I'm also voting against Measures 32 and 33; the first because despite claims to the contrary, passage of the measure would decrease ordinary citizens' access to the political influence system while leaving all the corporate Citizens United fans able to spend their PAC money freely for political causes. I'm voting against Measure 33 because it'll allow car insurance companies to raise your rates if you've ever—EVER—let your car insurance lapse—and in the current recession, plenty of people have.
Beyond that, I'm voting to ditch the death penalty (Measure 34) and to require a criminal's "third strike" to be a violent crime before they can be sentenced to life in prison (Measure 36), and in favor of increasing some taxes for good causes (Measures 30, 38 and 39).

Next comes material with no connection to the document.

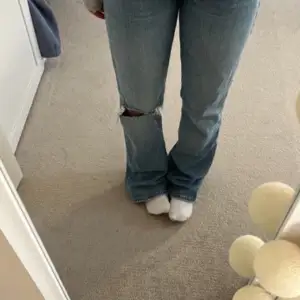 Säljer dessa bootcut jeans med hål i vänstra knät, super snygga knappt använda💕 storlek 38 men väldigt små i storleken då de passar mig som normaltid har 34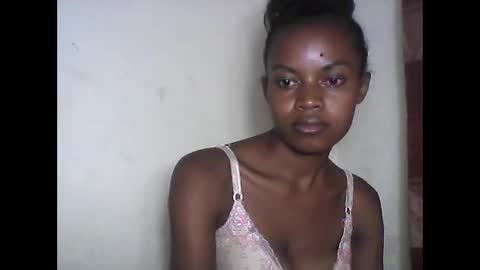 Snapshot of anicha_69 chatting on 05/28/26, 12:02 anicha_69 online show from 05/28/26, 12:02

Beyond that, I don't have any great arguments. I'm voting against Measure 31 because I don't like the people supporting it, and I'm voting for Lacey for DA mostly because she's a woman, but as I said, no great arguments.
Well, that's about it. Have fun at the polls—and don't let any petty functionary try to tell you you don't have a right to vote; kick and scream until somebody pays attention and solves whatever problem they claim to have with your registration—or voting by mail—and while you may disagree with some of my choices, the important thing is to VOTE LIKE YOUR LIFE DEPENDED ON IT! ('Cause, you know, it kind of does.)